**Exercise requirements**
From the records below, transcribe only the lines running from the one with "PawHut 70cm Folding Pet Carrier Bag Grey" through the one with "14K Yellow Gold". Keep both of those end lines.

**The data**
Content starts

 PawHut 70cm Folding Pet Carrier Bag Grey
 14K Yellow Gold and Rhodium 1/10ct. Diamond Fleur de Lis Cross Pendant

Content ends
Content starts

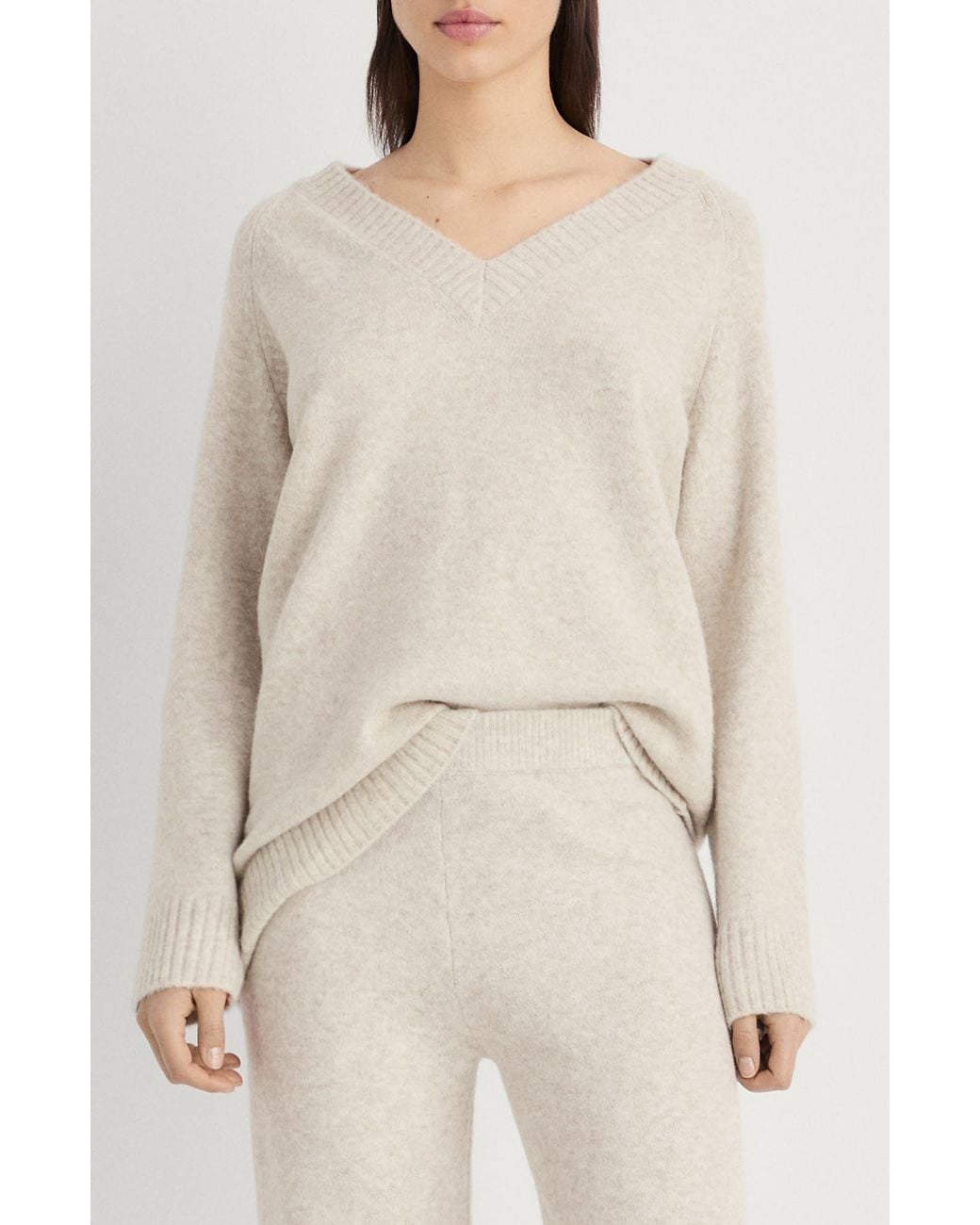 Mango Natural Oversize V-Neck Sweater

Content ends

**Response**
 PawHut 70cm Folding Pet Carrier Bag Grey
 14K Yellow Gold and Rhodium 1/10ct. Diamond Fleur de Lis Cross Pendant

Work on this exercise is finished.